Table 10 presents the parameter estimates for the omnibus model comparing the auditory and visual lexical decision data. Separate models were also fit for each corpus, and corroborate the patterns shown here. The effect of corpus reveals that auditory lexical decision is slower on average than visual lexical decision (mean RTMALD = 940 ms; mean RTELP = 759 ms). Longer stimulus duration recordings, and items with later uniqueness points also produced longer response times overall. Later trials, however, as well as longer word run lengths (with the latter effect several times larger than the former) resulted in faster responses. Higher-frequency items, and items from higher density neighborhoods also had faster responses on average. In the interactions by corpus, stimulus recording duration has a much larger effect in MALD than for ELP, which squares with the fact that MALD is the only corpus in which the recordings were actually presented. The effect of duration in ELP is mediated by the correlation of the number of letters in the word with the length of the spoken word, weakening the association by some measure. The facilitation afforded by frequency appears to be nearly twice as much in the visual domain as in the auditory domain, as is the effect of neighborhood density. Surprisingly, the effect of uniqueness point is also somewhat larger in the visual domain.

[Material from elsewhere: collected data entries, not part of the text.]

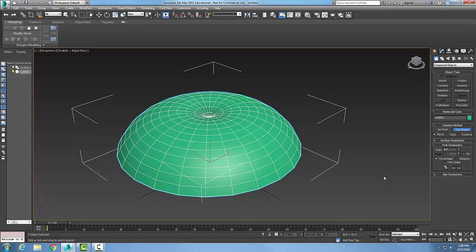So that's the creation method of getting the shape is in my creation method rollout.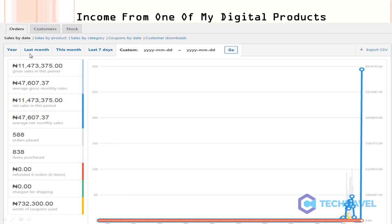If you check this, this is 11,473,275 thousand naira in my local currency from one digital product. This is about something above ten thousand dollars or close to ten thousand dollars.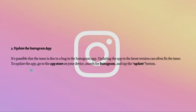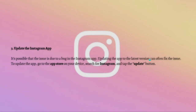The next thing you can do is to update Instagram. It is possible that the issue is due to a bug in the Instagram app, so updating the app to the latest version can often fix the issue. To update the app, go to the App Store on your device, search for Instagram, and tap the update button if it is available. If you see the open button, that means your Instagram app is already up to date.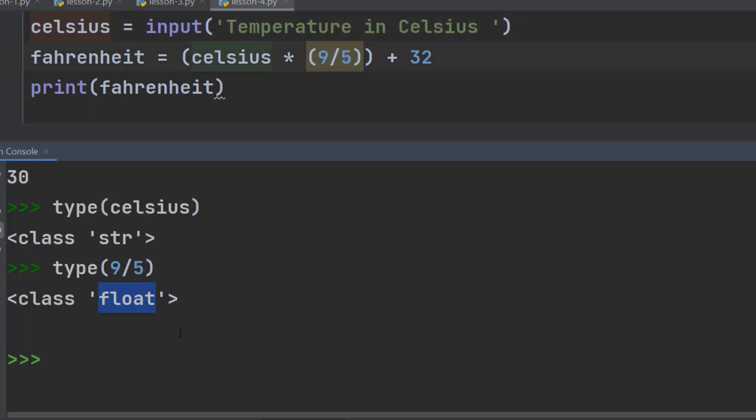So, we were trying to multiply string with a float. Which is not possible. And that is why we were getting the error. The solution to this problem is type conversion. Which is actually the topic of this lesson.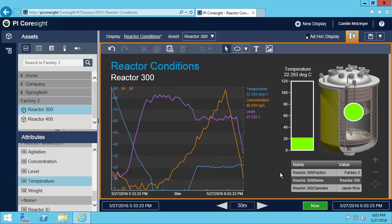I have this really great display for reactor 300 here. But there's a lot of other reactors that I monitor. So let me show you how I can easily swap assets and change this display to easily monitor my other reactors. We'll do that in the next video.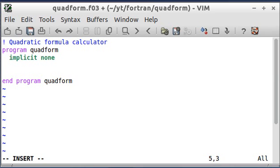Hello again, welcome back. In this video I'm going to be writing a quadratic formula calculator, and the purpose of this video is to show how to use an if-else statement.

Table 10 Results of the model comparing both corpora. Note all numeric predictors have been scaled

Conceptual relations of compounds

Schmidtke et al., (2018) investigate the effect of competing conceptual relations in the recognition of compound words. In experiment 2, the authors explore these effects in the auditory domain using 412 English compounds from the MALD dataset and in experiment 3 they make use of an auditory compound lexical decision dataset with 426 English compounds. In the analyses of both datasets they find effects of the entropy of conceptual relations (effect sizes of 56 ms and 37 ms, respectively). They also found no effect of family size for these items. Interestingly, they find different effects for Left-Whole and Right-Whole semantic similarity. The authors attribute this difference to the fact that in the MALD dataset the compound words are mixed in with many non-compound words while the dataset in experiment 3 is exclusively compounds (words and pseudowords).

Replication of semantic richness effects

In the final example, we show how MALD recordings can be used as stimuli in creating targeted experiments and how MALD data set corresponds to yet another targeted experiment’s findings. We extracted all of the items from the Goh et al., (2016) study which overlapped with the items in the MALD dataset, 442 nouns, and selected a random sample of 442 MALD pseudowords. We ran a separate experiment with an additional group of 25 English speaking participants with only these items from the MALD recordings. Our analysis was an attempt to replicate the procedure described in Goh et al., (2016), in which hierarchical linear regression was used on reaction times that were z-scored per participants and then averaged by item. The results showed that the same hierarchical model (out of four tested) was the best fit to the data in both studies. For semantic richness variables, we gathered the same measures as those used by Goh et al., (2016): concreteness (Brysbaert et al., 2014), valence and arousal (Warriner et al., 2013), number of features (McRae et al., 2005), semantic neighborhood density (Shaoul and Westbury, 2010), and semantic diversity (Hoffman et al., 2013). Identical patterns of significance and effect direction were noted for all semantic richness variables. The effects reported were largely replicated. For lexical predictors, same patterns were observed for duration, frequency, phonological uniqueness point (non-significant), and a structural principal component (consisting of phonological neighborhood density, phonological Levenshtein distance, number of phones, and number of syllables). the only exception was number of morphemes, which was not significant in our replication, but was significant in the Goh et al., (2016) study (note however that the effects of this variable were unstable, and non-significant in the semantic categorization experiment conducted as part of the same study). For semantic richness variables, identical patterns of significance and effect direction were noted for all variables (concreteness, valence, number of features, semantic neighborhood density, and semantic diversity). We did not see a significant improvement in the model when quadratic valence was added to the model. The Table 11 in the appendix contains the coefficients from the analyses.

General discussion

In this paper, we have described the methods and characteristics of the first release of MALD and have illustrated some basic questions that can be investigated using the data set. It provides formidable subject-level and item-property-level (e.g., frequency) statistical power, and as further data is collected, item-specific power (i.e., how listeners recognize specific individual words) will be solidified as well.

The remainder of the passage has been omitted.